▶ Work request:
Output must consist only of the lines of the material below from the one with "Bottle Green Dual" through the one with "Rotella-Inspired Desert Landscape", each reproduced exactly; no pictures belong in it.

▶ Supplied data:
——

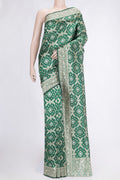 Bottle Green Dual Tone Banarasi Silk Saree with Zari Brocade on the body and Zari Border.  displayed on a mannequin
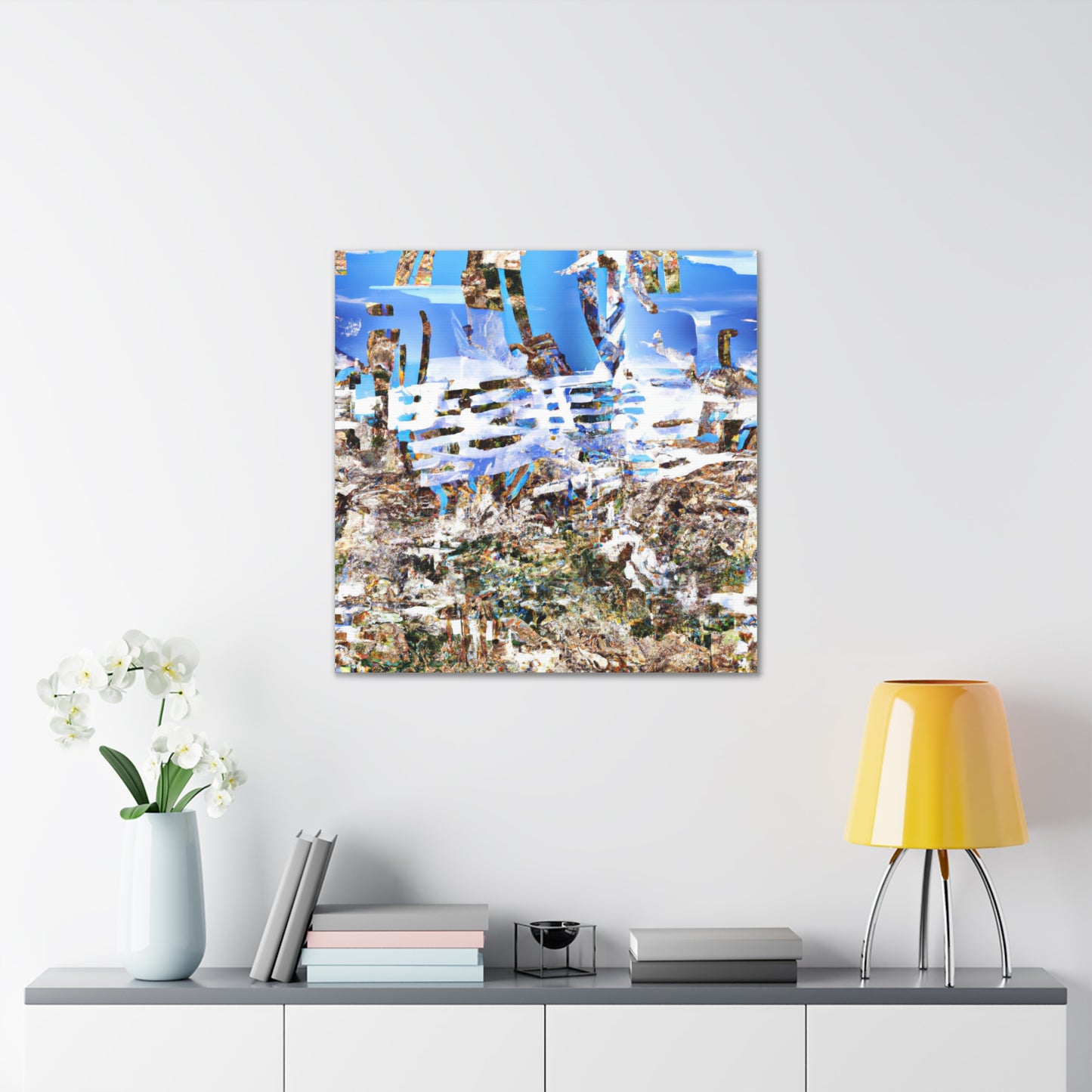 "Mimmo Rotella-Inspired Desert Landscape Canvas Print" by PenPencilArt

——

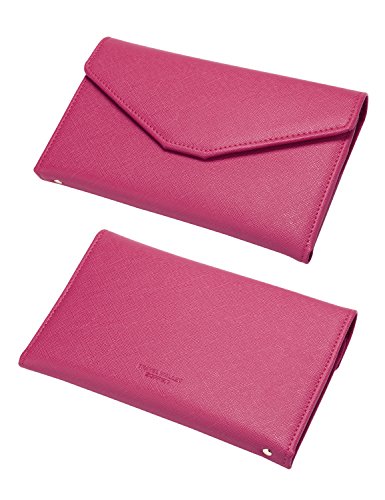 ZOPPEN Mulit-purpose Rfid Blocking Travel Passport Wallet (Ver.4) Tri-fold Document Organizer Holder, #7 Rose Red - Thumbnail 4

——

▶ Result of this exercise:
 Bottle Green Dual Tone Banarasi Silk Saree with Zari Brocade on the body and Zari Border.  displayed on a mannequin
 "Mimmo Rotella-Inspired Desert Landscape Canvas Print" by PenPencilArt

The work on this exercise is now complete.